À quelle température devient-elle inefficace ?
Il n’y a pas de seuil unique, mais voici les étapes clés :
- À partir de +7°C, le rendement commence doucement à baisser.
- Vers 0°C : performances solides, mais les cycles de dégivrage commencent.
- Entre -5°C et -7°C : le seuil critique est atteint. Le COP devient inférieur à 2. Le système perd son intérêt économique.
- En dessous de -15°C : certains modèles cessent complètement de fonctionner pour se protéger.
Quelles solutions pour éviter cette chute de performance ?
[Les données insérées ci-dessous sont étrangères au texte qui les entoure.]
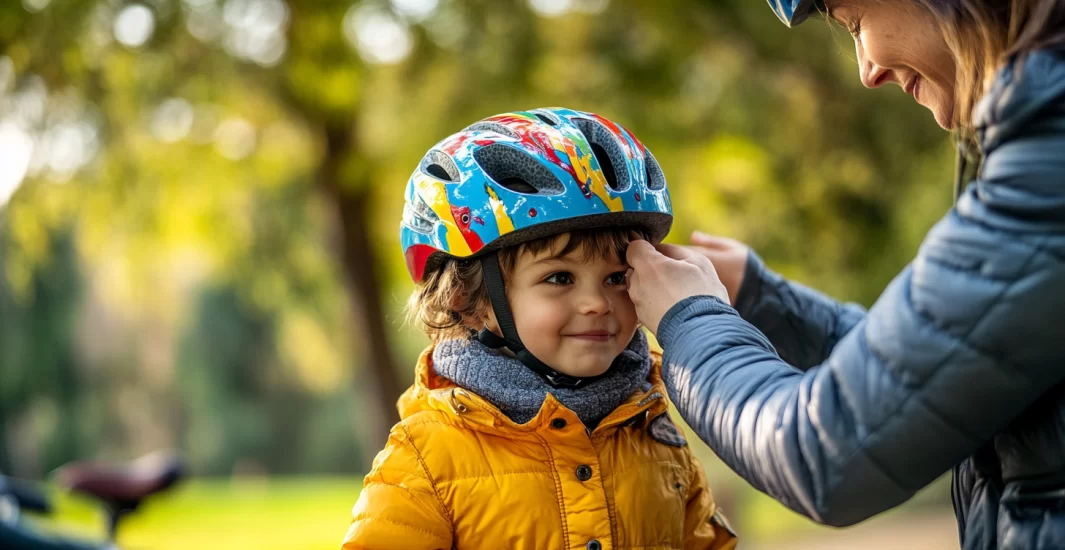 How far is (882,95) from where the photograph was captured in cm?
666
Choisir une PAC adaptée au climat
Si vous habitez dans une région froide, optez pour une PAC “grand froid” conçue pour fonctionner jusqu’à -25°C avec un COP supérieur à 2 grâce à des technologies comme l’injection de vapeur.
Prévoir un chauffage d’appoint
La meilleure option consiste à ajouter un système de secours automatisé. Il prendra le relais quand la pompe atteindra son seuil d’inefficacité :
- Résistance électrique intégrée : facile mais chère à l’usage.
- Chaudière existante : le système hybride choisit automatiquement la source la plus efficace selon la température.
- Poêle à bois ou granulés : économique, parfait pour les grands salons.
Entretenir régulièrement l’équipement
Un entretien annuel par un professionnel est essentiel. Et au quotidien, veillez à :
- Dégager les grilles extérieures : feuilles, neige, givre… tout peut gêner l’échange de chaleur.
- Nettoyer les filtres intérieurs tous les 3 à 6 mois.
Comment se compare-t-elle à d’autres systèmes ?
Sur une saison de chauffe, la pompe à chaleur reste très compétitive :
| Critère | PAC air-eau | Chaudière gaz | Chauffage électrique |
|---|---|---|---|
| Coût d’investissement | Élevé | Moyen | Faible |
| Coût d’utilisation | Très faible | Moyen | Très élevé |
| Efficacité annuelle | Très élevée (COP > 3) | Haute | Faible (COP = 1) |
| Sensibilité au froid | Élevée | Nulle | Nulle |
| Impact écologique | Faible (si énergie verte) | Moyen | Dépend du mix |
En résumé : vigilance dès que le thermomètre chute
Votre pompe à chaleur reste une solution économique et écologique, mais elle n’est pas magique. À partir de +7°C, ses performances baissent. En dessous de -5°C, elle peut devenir peu rentable, voire inefficace si elle n’est pas dimensionnée pour le froid.
Choisissez un modèle adapté à votre climat, isolez bien votre maison et anticipez les grands froids avec un système d’appoint. Avec ces ajustements, vous conserverez un confort optimal tout l’hiver, sans faire exploser la facture.